BRUSSELS, Belgium - After years of public blandness at the palace, Belgians are suddenly being treated to both a princely fairy tale and a scandal of royal proportions - already called the tale of the king's two new daughters.

The women - Mathilde, King Albert II's future daughter-in-law and the nation's next queen, and Delphine, the alleged love child of an illicit royal romp - are commanding intense attention in a nation where royalty is rarely seen or heard.

Mathilde d'Udekem d'Acoz is a photogenic 26-year-old aristocrat, whose engagement this month to Crown Prince Philippe reinvigorated interest in the royal family and transformed the prince from an awkward recluse with little public support into an acceptable heir to the throne.

Then there's Delphine Boel, an equally radiant 31-year-old artist living in London, who last week was reported to be the out-of-wedlock daughter of King Albert and the former wife of a well-heeled Belgian industrialist.

So while Mathilde and Philippe have been taking part in the old custom of "joyous entries" - kissing babies, waving from balconies and smiling to huge, adoring crowds across Belgium - some members of the nation's media have been happily abandoning another tradition: a sacred respect for royal privacy.

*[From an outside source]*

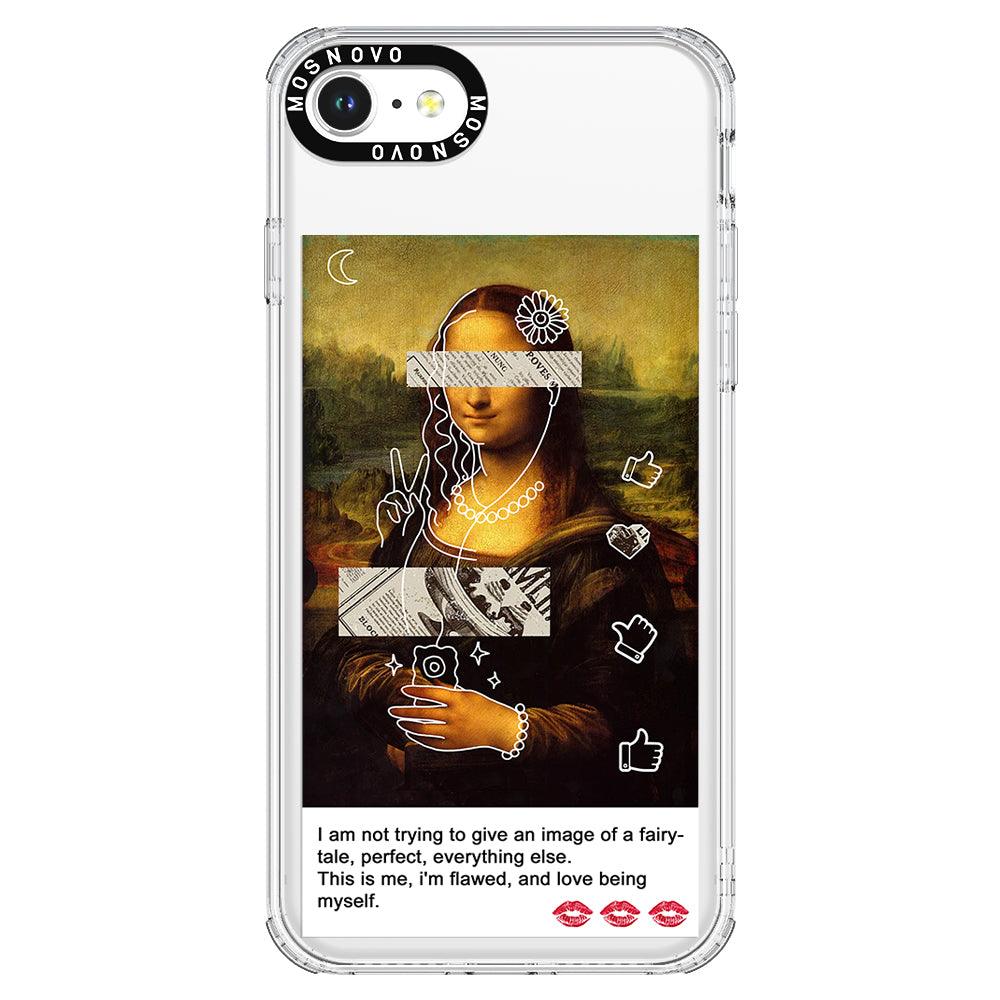 Selfie Artwork Phone Case - iPhone 8 Case - MOSNOVO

Newspapers reported Delphine's existence in banner headlines. Het Laatste Nieuws published a photo of a harried Delphine, begging for privacy as she was mobbed by photographers and camera crews. The picture was placed next to a photo of King Albert leaning heavily on a cane, showing all of his 65 years.

The VTM television network gained access to Delphine's house in London's trendy Notting Hill neighborhood for an interview about her art - mostly brightly colored statues.

Rumors about Delphine have been around for years. They exploded last week with the publication of Mario Danneels' nonuthorized biography of Queen Paola, which included a sentence claiming Albert had an illegitimate child.

So far, neither Delphine nor her mother, Sybille Baroness de Selys Longchamps, have confirmed this. That the palace has stuck by its "no comment" has only fed the furious speculation.

Danneels, just 18, interviewed 40 or so palace insiders and royalty watchers over the past two years to write "Paola: From `La Dolce Vita' to Queen," a generally sympathetic biography.

He has acknowledged that those he talked to did perhaps not realize he was actually writing a book, but he said five people confirmed the story of the out-of-wedlock daughter. He said he reported Albert fathered a daughter in 1968 "because I thought that was important in a biography about Paola."

According to Danneels, Paola discovered the infidelity in the late 1960s and initially sought a divorce, but later reconciled with her husband. He said Albert sees Delphine regularly.

The revelation has put a damper on the festivities leading up to the Dec. 4 royal wedding, and - like nearly everything else in Belgium - set off a linguistic political storm between Dutch-speaking Flemings and French speakers.

The Flemings have long seen the royal family as a francophone bastion, and some francophone quarters now see the scandal as a Flemish plot to undermine the monarchy and the unity of Belgium.